Relugolix: An Up-and-Coming Treatment for Endometriosis Symptoms?

a pill

You’ve more than likely heard of Elagolix, but have you heard of Relugolix? It’s a GnRH antagonist. And, yes, it’s the same classification of drug as Abbvie’s Elagolix (aka Orlissa). It’s being groomed to treat fibroids, prostate cancer, and (yep, you guessed it) Endometriosis pain.

Although not yet approved here in the United States, Japan approved Relugolix in January 2019 to treat uterine fibroids under the name Relumina. According to an Amsterdam company, TheSocialMedNework, Relumina is available for $1,400 for a box of 100 tablets (the standard dosage is one 40-mg tablet per day). I’m curious how that price rate would change in the United States if it were ever approved. It is expected that the FDA will receive an application for approval to treat uterine fibroids later this year.

And there’s an interesting race between Myovant Sciences and Abbvie. Elagolix (Orilissa) was approved last year to treat Endometriosis pain, but Abbvie will be seeking FDA approval for it to treat uterine fibroids as well. Myovant will be seeking FDA approval for Relagolix to treat uterine fibroids…and eventually Endometriosis pain. The race is on!

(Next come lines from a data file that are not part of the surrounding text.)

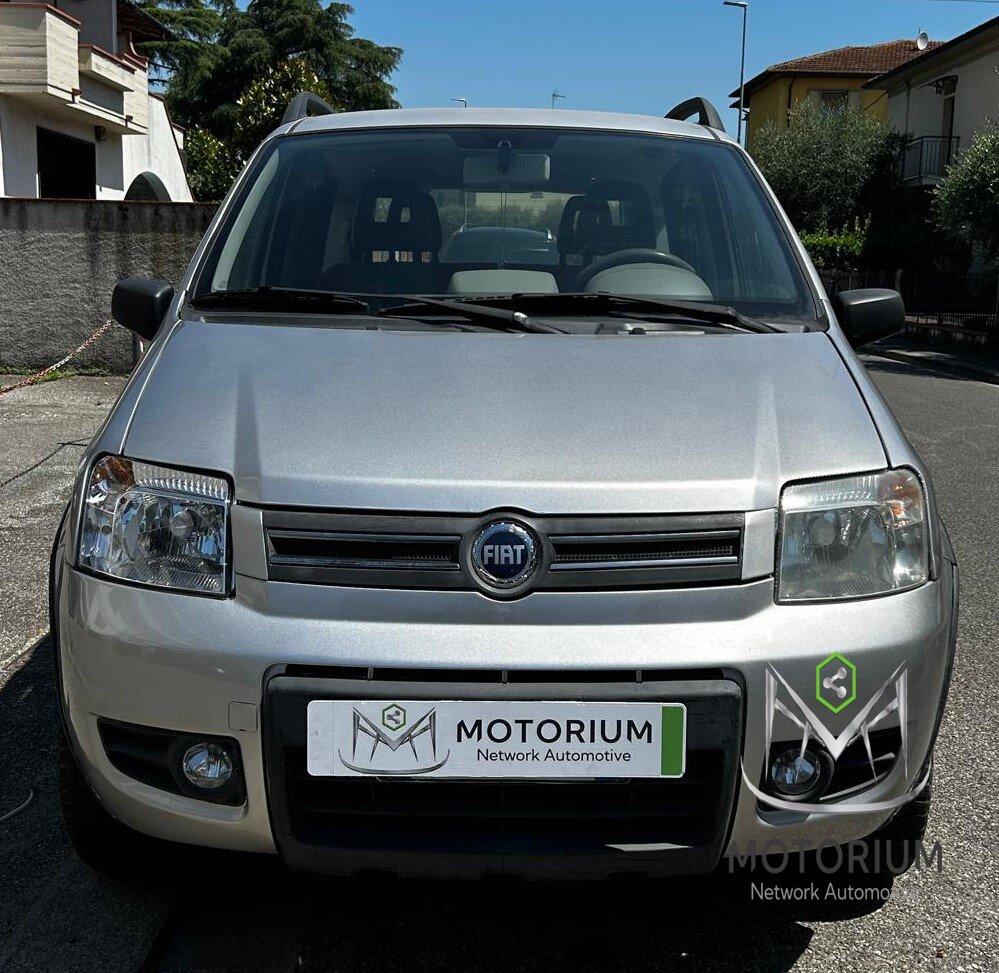 Fiat Panda 4x4 1.2cc climbing
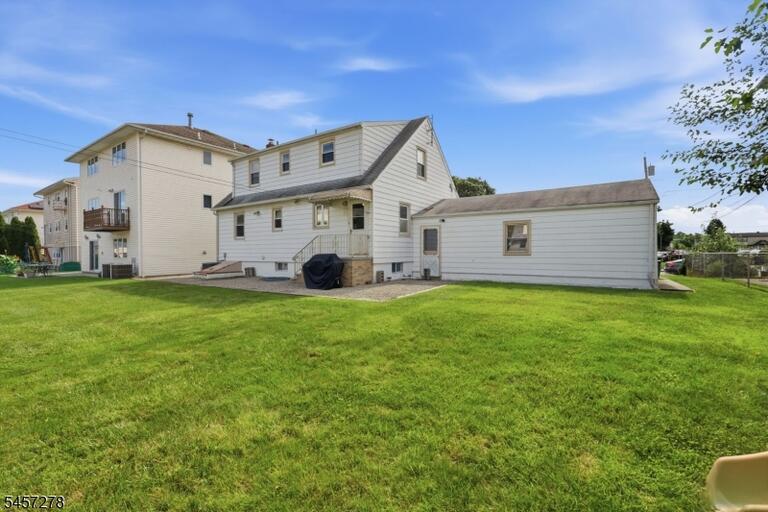 Property listing MLS 4050053 photo 31
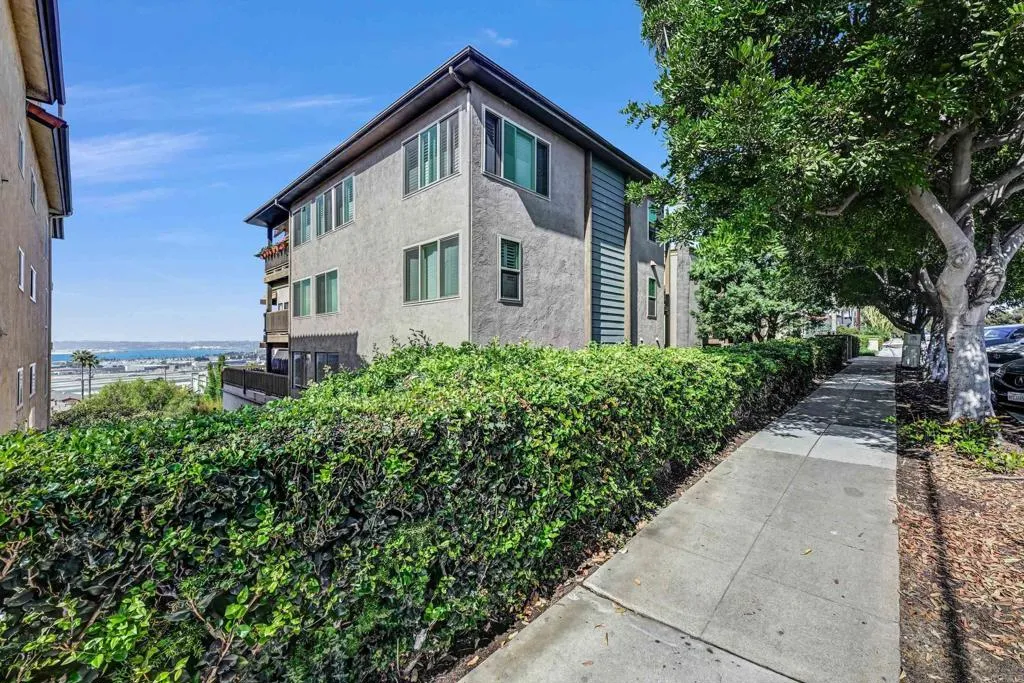 2960 Union Street Unit 101 — photo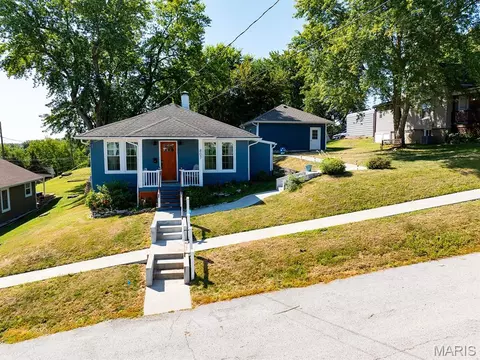 807 Summer St, Hannibal, MO 63401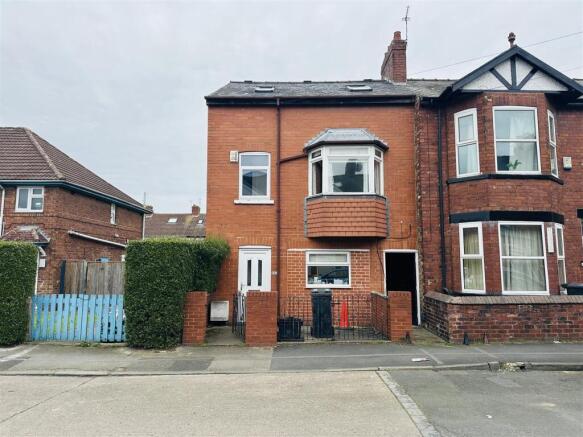 4 bed property, in Cromer Street, £350,000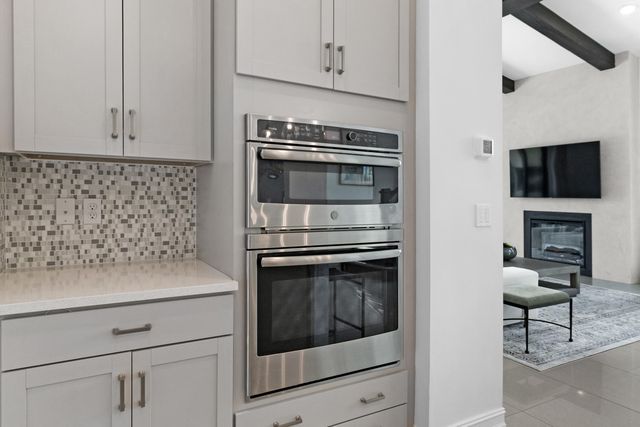 8979 Grand Prix Lane, Boynton Beach, FL 33472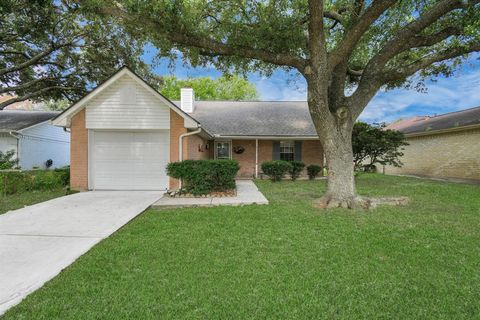 Single Family Residence in Pearland TX 914 Primrose Meadows Circle.jpg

Common side effects include (I consider this list incomplete and will continue to search for information):

  • hot flashes
  • irregular uterine bleeding
  • heavy menstrual bleeding
  • headache
  • excessive sweating
  • genital bleeding
  • depression
  • liver function disorder

In 2016, it was reported (in the US Exchange & Securities Registration Statement) that out of 1,300 trial subjects, there were a total of 36 serious adverse events. Of those 36: “one event of abnormal liver function tests, one of cerebral infarction, and one of embolic stroke.” The investigator noted those three events may have been “possibly related to Relugolix.” Dr. Google tells me that cerebral infarction and embolic stroke have to do with a blockage of the blood supply to the brain.

Myovant Sciences is working on developing Relugolix in combination with estradiol and progestins to ease side effects and prevent bone loss. In the US Exchange & Securities Registration Statement by Myovant on July 8, 2016, they identify Relugolix as their “lead product candidate” and outline their prospective trial timetable. Myovant appears to be a small fish in the pharmaceutical sea with not a lot of products under their belt.

Clinical trials are ongoing around the world for its effectiveness against fibroids, endometriosis symptoms, and prostate cancer. The study for endometriosis is called Spirit. More information can be found on MySpiritStudy .

Following is a timeline of clinical trials of Relugolix pertaining to Endometriosis:

October 2011: Efficacy and Safety of TAK-385 (Relugolix) in the Treatment of Endometriosis. This study concluded in August of 2013, with 487 participants and tested the drug for 12 weeks or more in 10, 20, and 40mg doses, as well as had a placebo and Lupron Depot injections as comparison. It completed in August of 2013.

March 2012: A Long-term extension study of TAK-385 (Relugolix) in the Treatment of Endometriosis. This study had 397 participants and tested the drug for 12 weeks or more in 10, 20, and 40mg doses, as well as had a placebo and Lupron Depot injections as comparison. It completed in December 2013.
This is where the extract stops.